Evaluating Internet Search Tools: A Librarian's
Guide
Doralyn H. Edwards
While there are an abundance of resources available through the Internet, it can be very challenging to select and evaluate information available on the World Wide Web. Librarians can teach others how to effectively search the Internet and evaluate the data found there. Subject guides, search engines, and meta-search engines can be extremely useful tools when tackling the task of finding information available on the Internet.
This article will address features of search tools and how to evaluate them. The characteristics available with search tools are rapidly changing, and searchers should be aware that the most effective and reliable search tool today may not be the best one tomorrow. While much of the literature addresses features of specific search tools at the moment, this article is meant to be a long-term guide for using and evaluating all searching resources. To become more familiar with these search resources, it is helpful to understand what types of tools are available and how they work.
Structure
There are some common features that can be found in many of the search tools available. Generally, these sites have options for basic and advanced searching. Basic searching tends to include Boolean operator options such as searching for "any" of the words entered (same as using Boolean "or"), "all" of the words entered (same as using Boolean "and"), and the "exact phrase" entered (same as using Boolean quotation marks around a phrase). The advanced search option will appeal to many librarians who use Boolean queries with online databases and catalogs. This option usually provides the opportunity to combine these search features by using any combination of Boolean operators available (usually "and," "or," "not," and "near," as well as quotation marks). Some tools allow for "natural language" queries. A natural language query, such as the one found on LycosPro (http://lycospro.lycos.com), allows the user to pose a question as if asking another human. An example of this type of search would be: How many planets are in our solar system? Many tools allow for truncation, usually represented by an asterisk. For example, laugh* would find laugh, laughter, and laughing. Some search tools also employ a feature using plus and minus (+ and -) signs to include or eliminate terms.

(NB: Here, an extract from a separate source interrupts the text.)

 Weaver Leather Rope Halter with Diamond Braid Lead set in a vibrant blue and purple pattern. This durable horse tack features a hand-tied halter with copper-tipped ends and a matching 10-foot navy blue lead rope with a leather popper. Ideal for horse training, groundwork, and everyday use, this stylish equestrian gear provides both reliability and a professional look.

All of the search engines default in basic and advanced searching to a pre-set type of search, if no options are selected by the user. Generally, the search default is for "all the words" (and), or "any of the words" (or), or "natural language query." It is important to know what type of search is being done in order to underst-and the results retrieved. If the default option is not indicated on the initial search screen, this information is usually available on the help pages for these tools.
Types
The types of search tools available can be categorized into three groups: subject guides, search engines, and meta-search engines. The best-known subject guides are Yahoo (http://www.yahoo.com), The Argus Clearinghouse (http://www. clearinghouse.net), Magellan (http://www.mckinley.com), and The WWW Virtual Library (http://vlib.stanford.edu/Overview.html). Subject guides tend to be strongest in the area of indexing information by subject category, although they may include a feature which allows you to search across or among the categories. It can be particularly helpful to use a subject guide when looking for a specific site or topic. Since the producers of subject guides have already examined the Web sites in their database and categorized them, the amount of time spent determining the relevancy of sites is reduced.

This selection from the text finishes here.